*THE TASK:* Omit the pictures. Transcribe exactly the lines below, from the one with "RRL - Shawl-Collar" up to and including the last.

*INFORMATION SUPPLIED:*
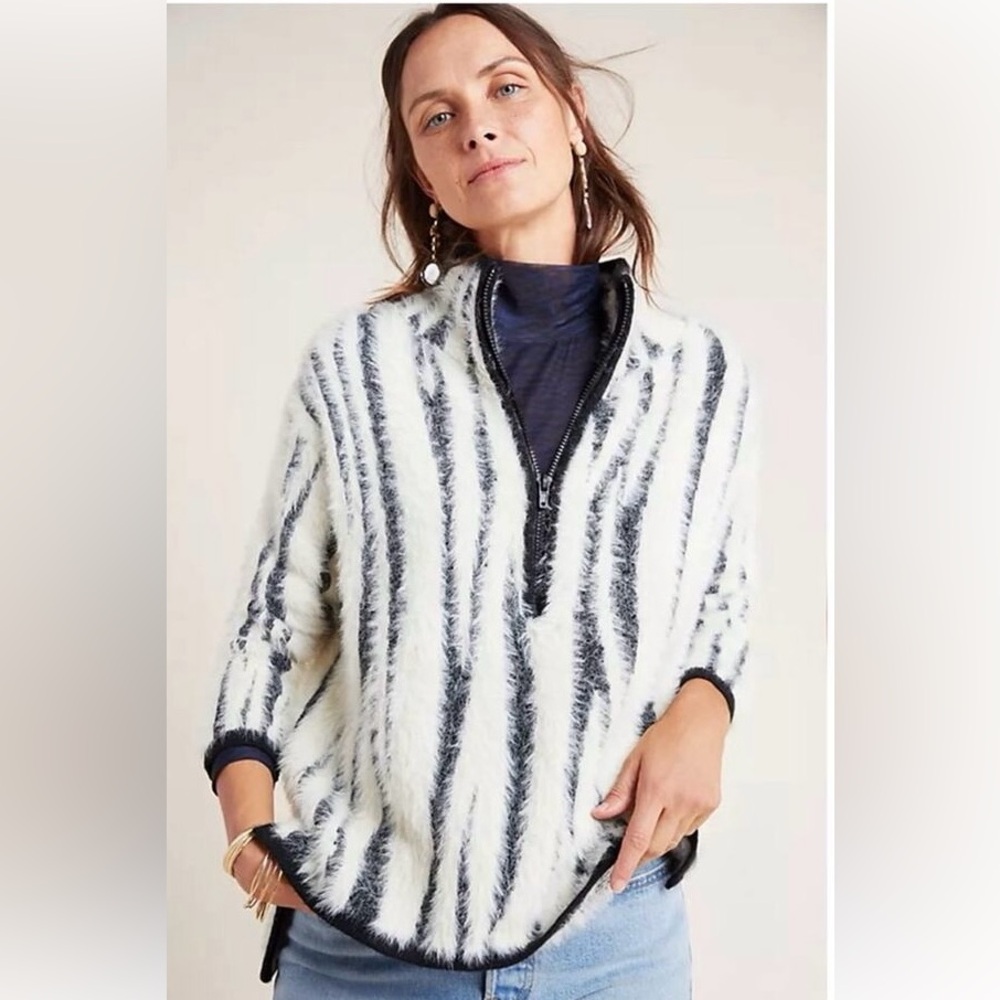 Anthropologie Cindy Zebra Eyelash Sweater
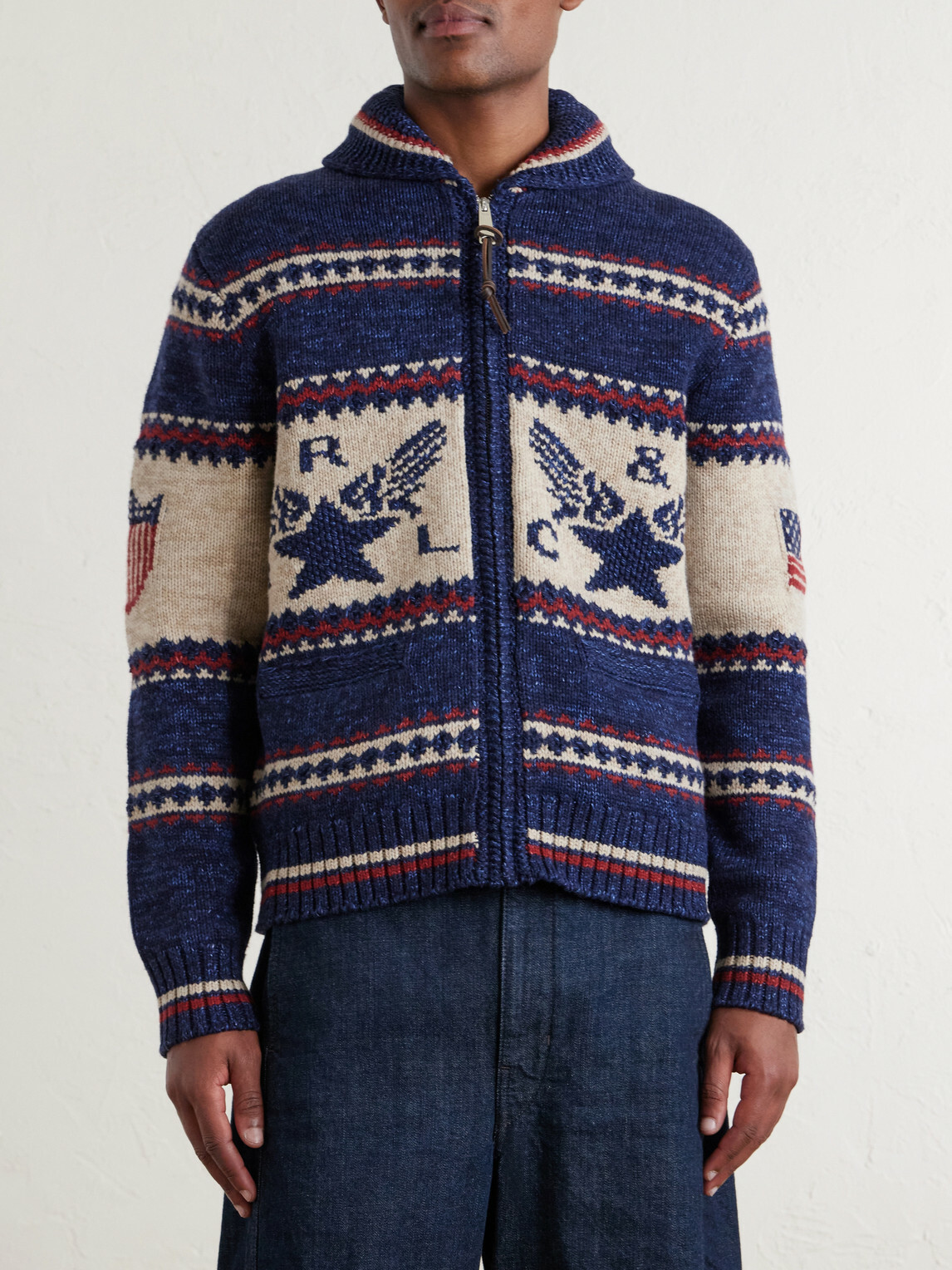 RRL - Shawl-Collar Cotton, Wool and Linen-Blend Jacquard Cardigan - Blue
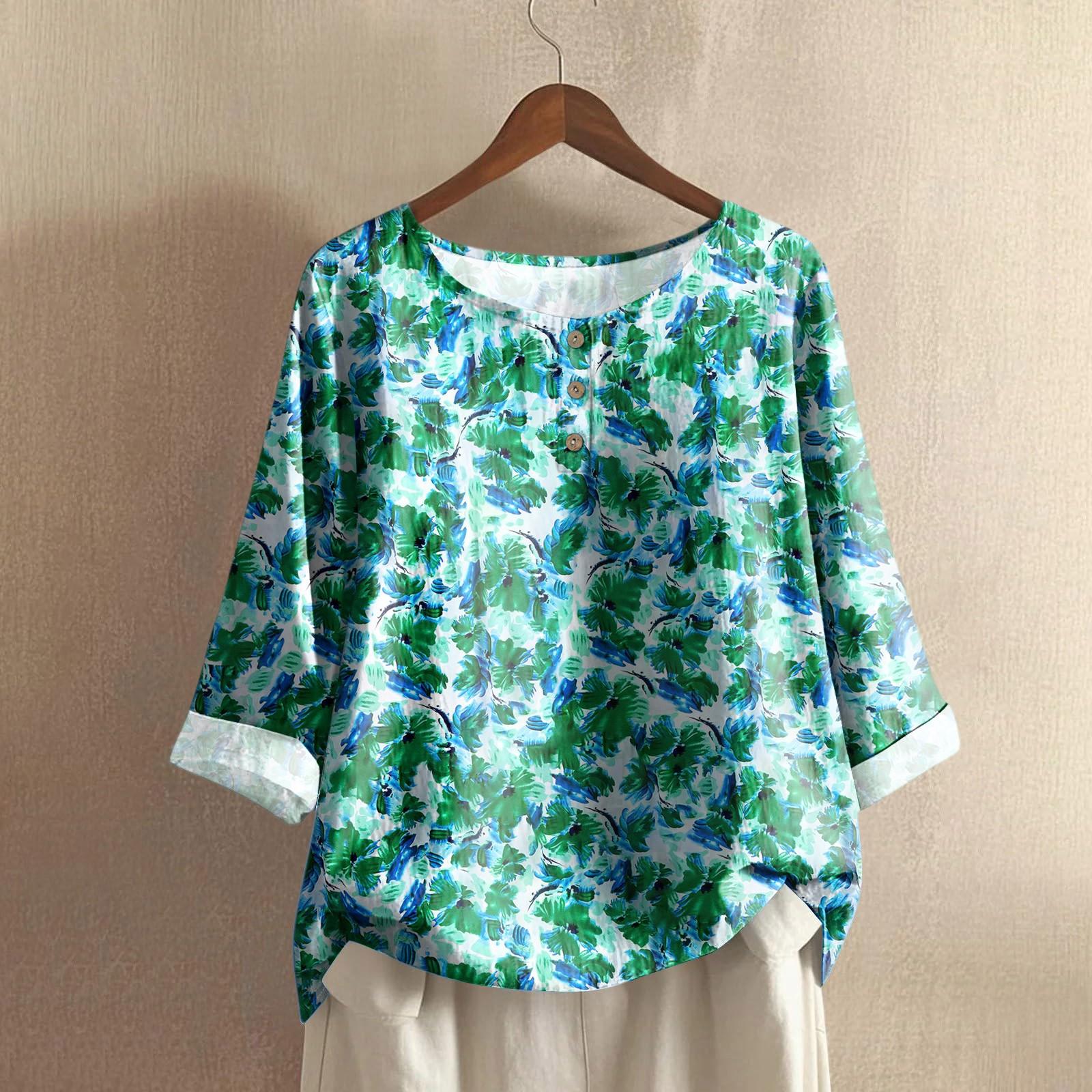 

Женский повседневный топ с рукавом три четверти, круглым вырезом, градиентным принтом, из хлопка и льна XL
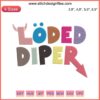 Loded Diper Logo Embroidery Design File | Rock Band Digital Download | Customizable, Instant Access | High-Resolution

*OUTPUT FOR THIS TASK:*
 RRL - Shawl-Collar Cotton, Wool and Linen-Blend Jacquard Cardigan - Blue

Женский повседневный топ с рукавом три четверти, круглым вырезом, градиентным принтом, из хлопка и льна XL
 Loded Diper Logo Embroidery Design File | Rock Band Digital Download | Customizable, Instant Access | High-Resolution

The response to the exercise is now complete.